LOS ANGELES — With four best-actor nominations and no statuettes to show for them, Denzel Washington has made a habit out of Oscar disappointment.
His portrayal of Steven Biko in Cry Freedom lost out to Dustin Hoffman’s Rain Man in 1988. His Malcolm X was beaten by Al Pacino in Scent of a Woman in 1993. In 2000, Washington was the odds-on favorite for his falsely imprisoned boxer in The Hurricane, but Kevin Spacey took the trophy for American Beauty.
Voters at Sunday night’s Academy Awards may give him the top prize for his corrupt L.A. cop in Training Day. But a bravura performance — even a string of them — isn’t always enough to sway the 5,607-member academy.
Winning best actor in a leading role means more than being the best actor in a leading role. It takes publicity, timing and the ever-elusive buzz. It helps to be liked in the business, overdue for the honor and part of a good film. Blind luck never hurts.
But that’s no guarantee of gold. Richard Burton and Peter O’Toole received seven Oscar nominations each but never won. Cary Grant never took home more than an honorary award. Deborah Kerr (From Here to Eternity, The King & I) was nominated six times and never won. Glenn Close has received six nominations but no trophy.
And Oscar doesn’t mind making even film legends wait. Henry Fonda was 76 when he finally won for On Golden Pond, his last film; Paul Newman was nominated seven times before claiming Oscar for The Color of Money, his eighth try. He was 62.
”It’s been a long time since an acting Oscar was based simply on a great performance,” says Hollywood acting coach Howard Fine. ”There’s media attention, the actor’s body of work, whether he’s ever won before. It’s a whole package the studios try to present.”
That package has come with a hefty price tag this year. Spurred by a wide-open competition, studios have mounted aggressive campaigns, spending a record$50 million in marketing for virtually every top race, from best picture to actor to director.

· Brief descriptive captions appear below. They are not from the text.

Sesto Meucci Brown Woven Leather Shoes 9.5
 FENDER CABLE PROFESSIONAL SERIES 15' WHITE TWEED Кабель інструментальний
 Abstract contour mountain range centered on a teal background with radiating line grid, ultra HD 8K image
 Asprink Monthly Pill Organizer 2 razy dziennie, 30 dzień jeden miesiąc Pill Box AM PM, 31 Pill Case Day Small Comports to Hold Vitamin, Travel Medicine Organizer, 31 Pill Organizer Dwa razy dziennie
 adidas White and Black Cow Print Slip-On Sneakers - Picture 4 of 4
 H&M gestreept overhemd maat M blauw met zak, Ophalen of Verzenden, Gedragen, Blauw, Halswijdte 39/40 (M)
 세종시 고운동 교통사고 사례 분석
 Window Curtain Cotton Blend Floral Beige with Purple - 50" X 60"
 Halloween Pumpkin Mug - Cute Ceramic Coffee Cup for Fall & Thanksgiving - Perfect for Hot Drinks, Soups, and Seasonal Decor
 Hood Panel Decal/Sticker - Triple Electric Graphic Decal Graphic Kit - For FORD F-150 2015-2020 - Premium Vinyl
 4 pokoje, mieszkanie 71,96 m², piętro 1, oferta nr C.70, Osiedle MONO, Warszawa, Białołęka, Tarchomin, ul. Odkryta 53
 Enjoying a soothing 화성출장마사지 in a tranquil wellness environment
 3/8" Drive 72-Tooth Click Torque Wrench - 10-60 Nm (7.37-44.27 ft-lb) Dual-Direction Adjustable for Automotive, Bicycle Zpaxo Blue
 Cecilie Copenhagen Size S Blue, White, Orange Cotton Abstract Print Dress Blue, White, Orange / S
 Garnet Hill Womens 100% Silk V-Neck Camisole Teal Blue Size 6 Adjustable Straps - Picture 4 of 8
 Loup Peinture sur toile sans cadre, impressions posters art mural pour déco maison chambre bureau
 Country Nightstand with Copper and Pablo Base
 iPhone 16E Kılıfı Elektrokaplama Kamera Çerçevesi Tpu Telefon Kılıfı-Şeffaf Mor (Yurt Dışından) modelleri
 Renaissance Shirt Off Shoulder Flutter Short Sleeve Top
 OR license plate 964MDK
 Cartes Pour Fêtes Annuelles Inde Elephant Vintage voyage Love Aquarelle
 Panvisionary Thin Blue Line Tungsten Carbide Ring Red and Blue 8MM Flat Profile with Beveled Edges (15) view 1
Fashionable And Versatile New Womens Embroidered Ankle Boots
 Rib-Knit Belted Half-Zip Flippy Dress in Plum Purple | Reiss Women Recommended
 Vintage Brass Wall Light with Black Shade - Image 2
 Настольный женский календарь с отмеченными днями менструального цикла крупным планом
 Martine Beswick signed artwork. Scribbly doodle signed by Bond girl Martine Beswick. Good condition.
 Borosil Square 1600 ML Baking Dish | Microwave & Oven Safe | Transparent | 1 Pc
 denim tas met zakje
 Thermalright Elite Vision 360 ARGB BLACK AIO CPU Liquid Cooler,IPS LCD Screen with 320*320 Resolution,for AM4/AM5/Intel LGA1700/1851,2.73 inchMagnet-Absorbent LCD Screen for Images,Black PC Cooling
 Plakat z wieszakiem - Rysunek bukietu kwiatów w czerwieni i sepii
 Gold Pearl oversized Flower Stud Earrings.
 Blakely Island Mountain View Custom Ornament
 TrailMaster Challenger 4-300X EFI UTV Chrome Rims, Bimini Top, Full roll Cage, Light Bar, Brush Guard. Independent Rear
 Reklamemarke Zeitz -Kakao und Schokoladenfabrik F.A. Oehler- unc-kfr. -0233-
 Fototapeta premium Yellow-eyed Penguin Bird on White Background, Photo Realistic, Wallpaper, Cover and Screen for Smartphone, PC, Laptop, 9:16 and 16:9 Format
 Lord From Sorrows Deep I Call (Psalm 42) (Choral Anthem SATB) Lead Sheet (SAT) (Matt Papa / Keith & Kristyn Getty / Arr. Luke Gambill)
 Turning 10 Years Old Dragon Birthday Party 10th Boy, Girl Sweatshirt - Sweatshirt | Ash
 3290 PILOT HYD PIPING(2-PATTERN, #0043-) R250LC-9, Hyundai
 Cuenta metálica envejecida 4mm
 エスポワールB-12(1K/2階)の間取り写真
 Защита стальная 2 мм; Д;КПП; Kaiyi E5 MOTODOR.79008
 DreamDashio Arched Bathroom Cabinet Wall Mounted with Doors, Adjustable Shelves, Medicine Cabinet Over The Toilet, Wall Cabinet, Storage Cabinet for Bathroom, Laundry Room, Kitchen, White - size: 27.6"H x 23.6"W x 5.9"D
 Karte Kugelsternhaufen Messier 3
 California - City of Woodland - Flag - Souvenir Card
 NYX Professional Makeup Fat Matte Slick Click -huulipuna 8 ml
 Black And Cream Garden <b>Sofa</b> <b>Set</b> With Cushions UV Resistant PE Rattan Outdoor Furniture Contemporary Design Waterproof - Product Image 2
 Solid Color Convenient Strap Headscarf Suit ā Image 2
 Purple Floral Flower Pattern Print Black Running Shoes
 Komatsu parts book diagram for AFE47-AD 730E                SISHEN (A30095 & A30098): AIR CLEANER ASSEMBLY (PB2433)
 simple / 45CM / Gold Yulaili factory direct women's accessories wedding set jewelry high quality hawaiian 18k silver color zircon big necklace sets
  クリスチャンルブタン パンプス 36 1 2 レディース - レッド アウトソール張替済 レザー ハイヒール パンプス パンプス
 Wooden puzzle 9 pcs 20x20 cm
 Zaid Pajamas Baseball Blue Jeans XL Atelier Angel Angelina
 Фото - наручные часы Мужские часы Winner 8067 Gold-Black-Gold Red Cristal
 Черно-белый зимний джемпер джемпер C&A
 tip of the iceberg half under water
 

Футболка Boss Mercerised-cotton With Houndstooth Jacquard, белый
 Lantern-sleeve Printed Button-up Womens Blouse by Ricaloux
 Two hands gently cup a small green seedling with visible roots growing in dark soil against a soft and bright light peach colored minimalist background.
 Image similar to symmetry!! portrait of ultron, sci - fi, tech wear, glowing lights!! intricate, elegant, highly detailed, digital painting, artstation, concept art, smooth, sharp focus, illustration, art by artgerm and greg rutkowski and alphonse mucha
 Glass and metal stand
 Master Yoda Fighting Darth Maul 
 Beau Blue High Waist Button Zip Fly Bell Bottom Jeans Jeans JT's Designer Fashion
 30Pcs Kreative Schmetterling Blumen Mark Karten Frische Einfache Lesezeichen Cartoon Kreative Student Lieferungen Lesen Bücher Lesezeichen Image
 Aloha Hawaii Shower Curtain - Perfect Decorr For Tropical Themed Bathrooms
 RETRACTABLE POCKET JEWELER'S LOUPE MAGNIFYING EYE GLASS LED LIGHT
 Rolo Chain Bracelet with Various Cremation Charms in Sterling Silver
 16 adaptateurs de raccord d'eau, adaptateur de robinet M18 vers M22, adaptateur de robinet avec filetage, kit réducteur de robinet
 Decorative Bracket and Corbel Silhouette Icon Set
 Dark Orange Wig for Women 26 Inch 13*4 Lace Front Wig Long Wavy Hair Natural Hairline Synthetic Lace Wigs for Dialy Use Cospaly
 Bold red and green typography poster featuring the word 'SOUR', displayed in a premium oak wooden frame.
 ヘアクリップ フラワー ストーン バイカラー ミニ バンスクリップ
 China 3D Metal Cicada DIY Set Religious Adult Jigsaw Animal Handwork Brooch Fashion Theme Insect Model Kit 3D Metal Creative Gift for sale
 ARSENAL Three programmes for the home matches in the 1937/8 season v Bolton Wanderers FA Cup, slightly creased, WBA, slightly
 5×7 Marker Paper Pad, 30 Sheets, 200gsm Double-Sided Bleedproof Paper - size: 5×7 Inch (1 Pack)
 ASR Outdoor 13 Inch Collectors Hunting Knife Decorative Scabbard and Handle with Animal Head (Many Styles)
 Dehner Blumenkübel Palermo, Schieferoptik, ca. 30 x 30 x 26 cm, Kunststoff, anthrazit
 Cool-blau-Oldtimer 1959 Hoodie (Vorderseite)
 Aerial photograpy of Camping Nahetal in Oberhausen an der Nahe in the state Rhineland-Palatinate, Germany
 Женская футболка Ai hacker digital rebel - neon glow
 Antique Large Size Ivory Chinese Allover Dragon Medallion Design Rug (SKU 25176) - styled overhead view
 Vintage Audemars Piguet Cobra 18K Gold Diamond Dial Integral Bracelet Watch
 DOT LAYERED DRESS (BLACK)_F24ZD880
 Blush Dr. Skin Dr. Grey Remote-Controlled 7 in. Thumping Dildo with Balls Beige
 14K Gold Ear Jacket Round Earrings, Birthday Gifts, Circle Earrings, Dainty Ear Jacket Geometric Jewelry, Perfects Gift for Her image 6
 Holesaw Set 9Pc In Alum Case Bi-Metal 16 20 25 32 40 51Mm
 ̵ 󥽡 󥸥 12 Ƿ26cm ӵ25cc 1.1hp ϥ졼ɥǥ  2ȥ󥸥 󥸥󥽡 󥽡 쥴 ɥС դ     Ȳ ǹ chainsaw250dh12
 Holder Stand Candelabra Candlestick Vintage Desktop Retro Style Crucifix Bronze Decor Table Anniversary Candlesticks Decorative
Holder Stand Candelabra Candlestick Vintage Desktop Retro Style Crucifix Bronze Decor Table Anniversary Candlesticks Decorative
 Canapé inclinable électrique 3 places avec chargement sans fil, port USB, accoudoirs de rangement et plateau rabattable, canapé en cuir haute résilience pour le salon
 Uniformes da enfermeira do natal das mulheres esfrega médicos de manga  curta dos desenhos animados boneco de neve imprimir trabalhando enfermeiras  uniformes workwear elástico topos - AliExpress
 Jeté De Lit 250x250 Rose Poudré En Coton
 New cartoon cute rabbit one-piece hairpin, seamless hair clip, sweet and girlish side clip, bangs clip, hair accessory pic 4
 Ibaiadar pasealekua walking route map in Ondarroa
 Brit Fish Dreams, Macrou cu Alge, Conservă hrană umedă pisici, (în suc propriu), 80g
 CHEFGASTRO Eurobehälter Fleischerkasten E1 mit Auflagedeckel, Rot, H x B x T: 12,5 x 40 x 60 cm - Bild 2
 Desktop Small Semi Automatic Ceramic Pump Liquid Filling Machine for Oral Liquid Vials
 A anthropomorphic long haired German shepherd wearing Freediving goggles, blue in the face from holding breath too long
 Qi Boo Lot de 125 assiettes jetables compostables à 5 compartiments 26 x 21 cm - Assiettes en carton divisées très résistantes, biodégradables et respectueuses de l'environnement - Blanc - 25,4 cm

This, despite all the evidence that a best-picture Oscar is the only award that dramatically affects box office performance.
”It’s a matter of pride,” says Walter Green, author of The Art of Excellent Filmmaking. ”Warner Bros. (which released Training Day) doesn’t have anything up for best picture. So it’s pushing hard for Denzel. It needs something to hang its hat on, even if it costs them millions and doesn’t give much in return.”
Washington has said that the supporting-actor Oscar he won in 1990 for Glory ”sort of takes the edge off” of the subsequent losses. And he and his competitors — Russell Crowe (A Beautiful Mind), Sean Penn (I Am Sam), Will Smith (Ali) and Tom Wilkinson (In the Bedroom) — have limited most comments about the category to the ”it’s an honor just to be nominated” sound bite.
Campaigning, subtle and overt
But look closely, and you’ll see Oscar campaigning in subtle and overt forms. While the other nominees’ films were released at Oscar time, Washington’s movie came out in the fall. So he missed no press junkets for his latest film, the health care drama John Q., which was released to coincide with the nominations for best actor.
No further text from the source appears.